Properly handle relative paths for schema imports #81

@jonasfreimuth

Description

@jonasfreimuth

Currently, as far as I can tell, relative paths in the import field of a PEP schema get resolved relative to the current working dir via the use of os.abspath in peppy (https://github.com/pepkit/peppy/blob/60523c51cc7243680797f681a9d49a1ecec3c6ca/peppy/utils.py#L154). However, my assumption as a developer using the PEPkit would be that resolution of relative paths in the import field are relative to the location of the PEP schema which imports upstream schemas (the "importing schema").

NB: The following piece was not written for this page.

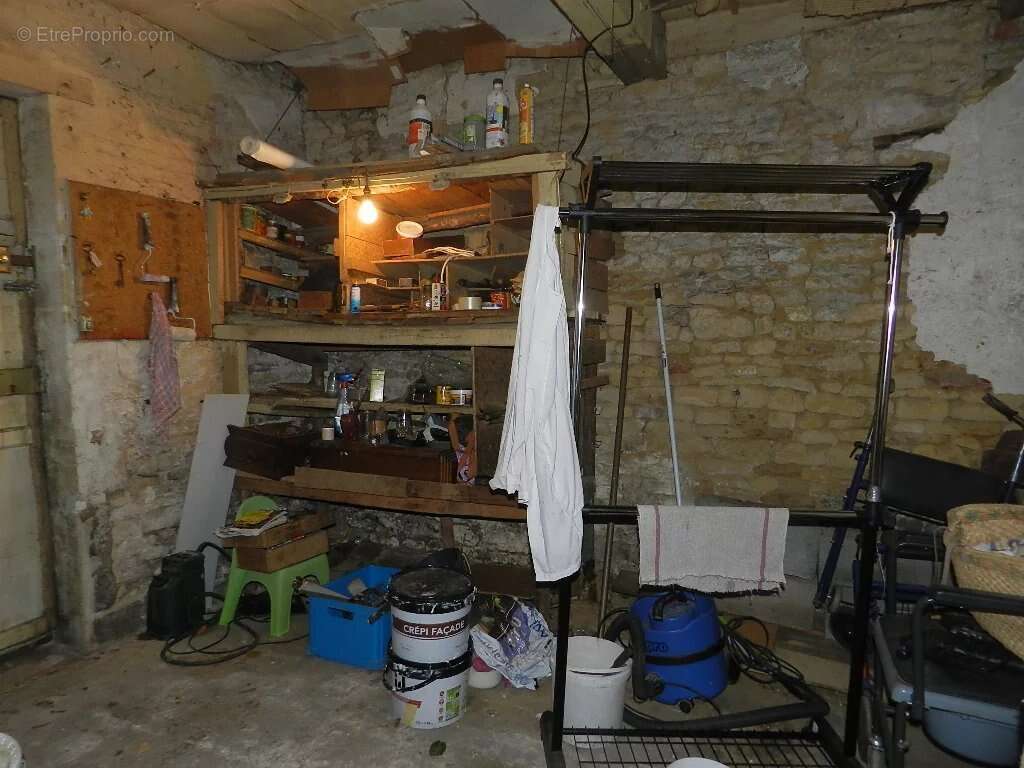 Maison à SAINT-PIERRE-SUR-DIVES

The current working dir being used for relative path resolution is an issue when the (pipleine) developer writing the PEP schema has no control over what the current working directory is in relation to the importing schema, as is the case for Snakemake PEP schemas. Here, the working directory is specified by the user running the Snakemake pipeline (through specifying the output dir), while the pipeline developer might like to specify a common base schema for all their workflows (e.g. via a git submodule relative to the pipeline's schema). In this case, Eido cannot correctly resolve the path to the imported base schema in the pipeline's PEP schema (except in the special case that the output directory the pipeline user specified happens to the same as the location of the pipeline's PEP schema, which is likely not the cases most of the time). Therefore, relative paths currently cannot be used in the import field of a PEP schema without also restricting the working directory at the time the schema is constructed.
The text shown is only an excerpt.